Now, the memory error handling may be so special that this effectively
"works" in practice, but there is no way I can apply such a
fundamentally broken patch.

I see two options:

 - make the result of identify_page_state() *tell* you whether the
page was already unlocked (and then make the unlock conditional on
*that*)

   This is valid, because now you removed that whole "somebody else
might have transferred the lock" issue: you know you already unlocked
the page based on the return value, so you don't unlock it again.
That's perfectly valid.

 - probably better: make identify_page_state() itself always unlock
the page, and turn the two different code sequences that currently do

        res = identify_page_state(pfn, p, page_flags);
  out:
        unlock_page(head);
        return res;

into just doing

        return identify_page_state(pfn, p, page_flags);
  out:
        unlock_page(head);
        return -EBUSY;

instead, and move that now pointless "res" variable into the only
if-statement that actually uses it (for other things entirely! It
should be a "enum mf_result" there!)

And yes, that second (and imho better) rule means that now
{page_action()" itself needs to be the thing that unlocks the page,
and that in turn might be done a few different ways:

 (a) either add a separate "MF_UNLOCKED" state bit to the possible
return codes and make that me_huge_page() that unlocks the page set
that bit (NOTE! It still needs to also return either MF_FAILED or
MF_RECOVERED, so this "MF_UNLOCKED" bit really should be a separate
bitmask entirely from the other MF_xyz bits)

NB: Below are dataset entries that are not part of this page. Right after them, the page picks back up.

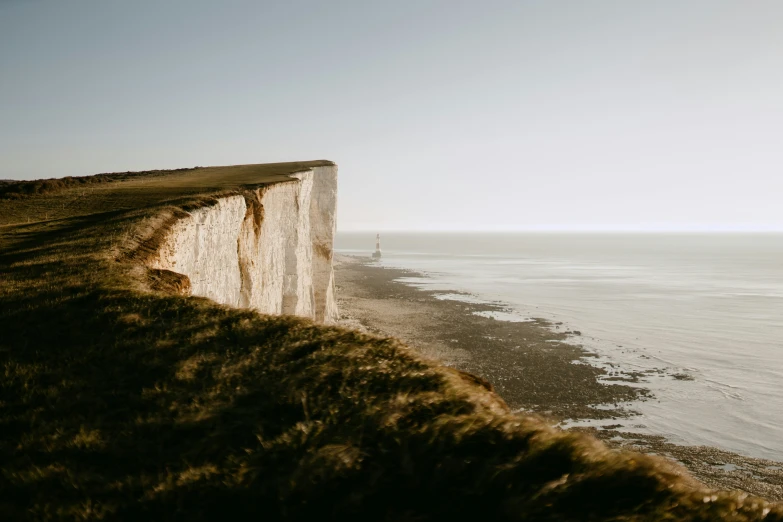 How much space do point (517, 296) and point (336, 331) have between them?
58.2 metres

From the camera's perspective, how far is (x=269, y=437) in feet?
14.0

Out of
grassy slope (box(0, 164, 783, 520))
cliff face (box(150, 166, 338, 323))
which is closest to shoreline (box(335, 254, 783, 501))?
grassy slope (box(0, 164, 783, 520))

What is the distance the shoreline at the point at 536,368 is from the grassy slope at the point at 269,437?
1.29m

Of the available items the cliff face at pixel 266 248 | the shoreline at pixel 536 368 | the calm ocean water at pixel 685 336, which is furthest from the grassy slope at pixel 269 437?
the calm ocean water at pixel 685 336

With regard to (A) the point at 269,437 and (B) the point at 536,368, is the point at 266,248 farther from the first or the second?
(A) the point at 269,437

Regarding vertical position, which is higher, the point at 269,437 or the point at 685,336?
the point at 269,437

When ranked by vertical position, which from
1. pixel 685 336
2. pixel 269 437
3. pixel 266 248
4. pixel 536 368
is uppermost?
pixel 266 248

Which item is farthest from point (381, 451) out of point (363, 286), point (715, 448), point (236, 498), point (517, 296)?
point (363, 286)

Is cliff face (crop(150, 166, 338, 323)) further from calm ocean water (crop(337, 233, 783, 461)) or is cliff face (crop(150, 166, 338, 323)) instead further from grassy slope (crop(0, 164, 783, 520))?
calm ocean water (crop(337, 233, 783, 461))

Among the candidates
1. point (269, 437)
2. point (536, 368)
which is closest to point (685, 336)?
point (536, 368)

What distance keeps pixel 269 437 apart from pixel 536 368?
2867cm

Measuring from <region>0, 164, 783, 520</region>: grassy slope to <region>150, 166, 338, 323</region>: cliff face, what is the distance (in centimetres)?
215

 (b) make the rule be that *all* the ->action() functions need to just
unlock the page.

( suspect (b) is the better model to aim for, because honestly, static
code rules for locking are basically almost always superior to dynamic
"based on this flag" locking rules. You can in theory actually have
static tooling check that the locking nests correctly with the
unlocking that way (and it's just conceptually simpler to have a hard
rule about "this function always unlocks the page").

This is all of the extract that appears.